Salinger leans toward me. “And I thought I had a good imagination,” he says. “I could never dream up a plot as bizarre as this.”
“I’m going back into town,” says Richard. “I was going to take the night off, but I’m darned if I’m going to sit around here with you people and watch the grass grow.”
“Take the car,” I say, tossing him the keys to the Datsun. I suddenly feel very benevolent toward Richard. “It will save you taxi fare.”
“Ray’s always been weird,” Richard says in Annie’s general direction. “He used to have imaginary friends when he was a kid. I don’t know if they were people or animals, but he called them Rags and Sigs, and he used to have conversations with them and play games with them. I thought he’d outgrown it.” Annie looks his way and smiles disarmingly. “I thought you were all right,” he says to Annie.
“I am,” says Annie. Her conversation with Shoeless Joe over, she steps back and sits down beside me, resting her head on my shoulder.
“And I thought the kid was okay,” Richard persists. “I thought when she talked about games and baseballs and things, she just had an imagination like her dad when he was a kid.”
“Kid?” says Eddie Scissons, suddenly attentive.
“Not you, Kid,” says Richard in exasperation. Then to Karin he asks, “What do you see down there?”
“I see the baseball game,” says Karin, taking a bite of her hot dog.
“Rags and Sigs?” Annie whispers into my ear. “Rags and Sigs?” She giggles prettily.

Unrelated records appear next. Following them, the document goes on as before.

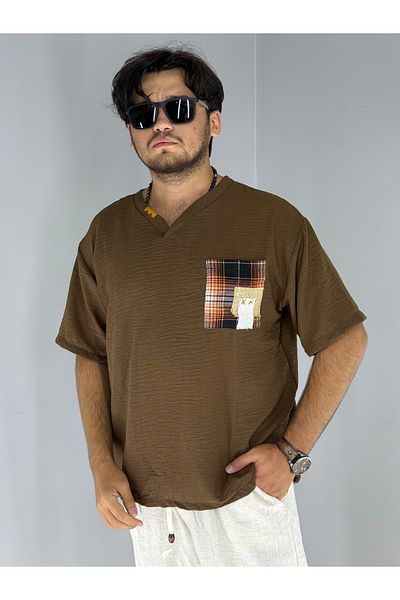 MARESHAL Handmade Collar and Straw Pocket Oversize T-Shirt (Coffee)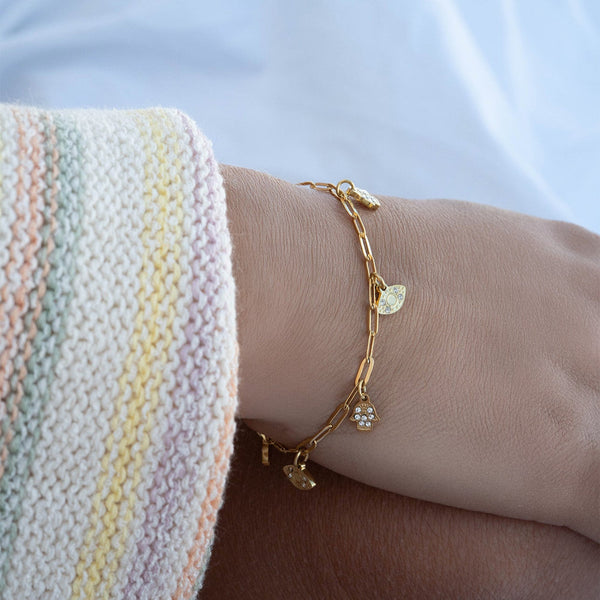 Hamsa Evil Eye Bracelet – 18K Gold, Paperclip Chain, Waterproof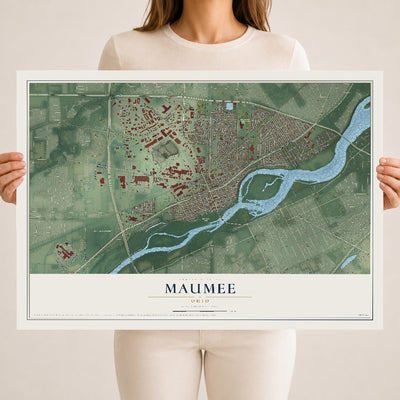 Map of Maumee, Ohio, 18 x 24 inch unframed archival matte print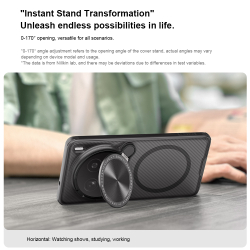 Чехол прозрачный тонированный (Transparent Black) от Nillkin с металлической крышкой и MagSafe на Vivo X200 Pro, серия CamShield Prop Magnetic Case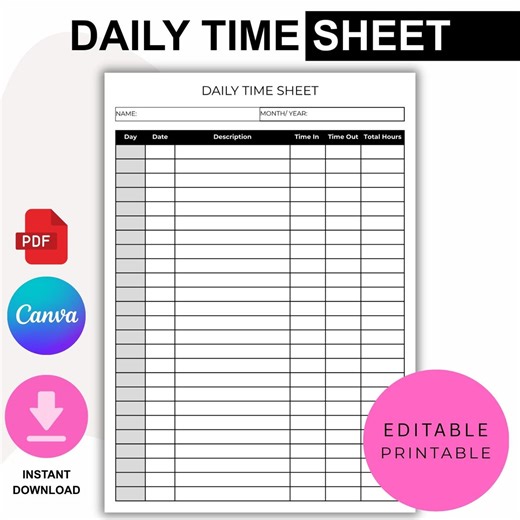 Printable Daily Time Sheet, Work Hours Log, Employee Time Tracker, Timekeeping Sheet PDF, Editable Canva Template, Instant Download - Etsy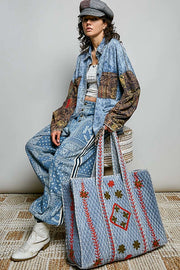 Embroidered Geometric Tote by POL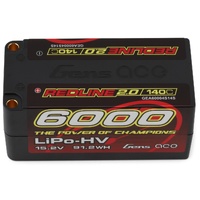 Gens Ace Redline 2.0 4S Shorty LiHV Battery 140C (15.2V/6000mAh) w/5mm Bullets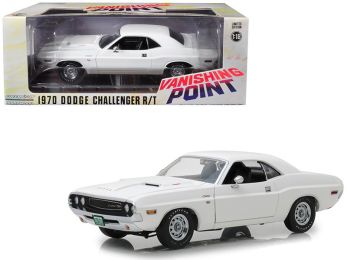 1970 Dodge Challenger R/T White \Vanishing Point\" (1971) Movie 1/18 Diecast Model Car by Greenlight"""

Richard glowers at Karin. I guess he thought he had an ally. When he is around Karin follows him as if she were a puppy and he had a pork chop tied to his ankle. He has taught her his carnival spiel, and she has learned it well.
“I thought I’d met some freaks with the carnival,” says Richard, “but, but…” Words desert him momentarily. “A guy who’s gonna be buried in a Chicago Cub uniform, somebody else who wears a baseball uniform day and night—where did he go anyway? Somebody who claims he’s J. D. Salinger. And my own brother, who’s too busy building a baseball field in the middle of nowhere and driving around the country collecting weirdos, to notice that his farm is being sold out from under him.” He stops for breath.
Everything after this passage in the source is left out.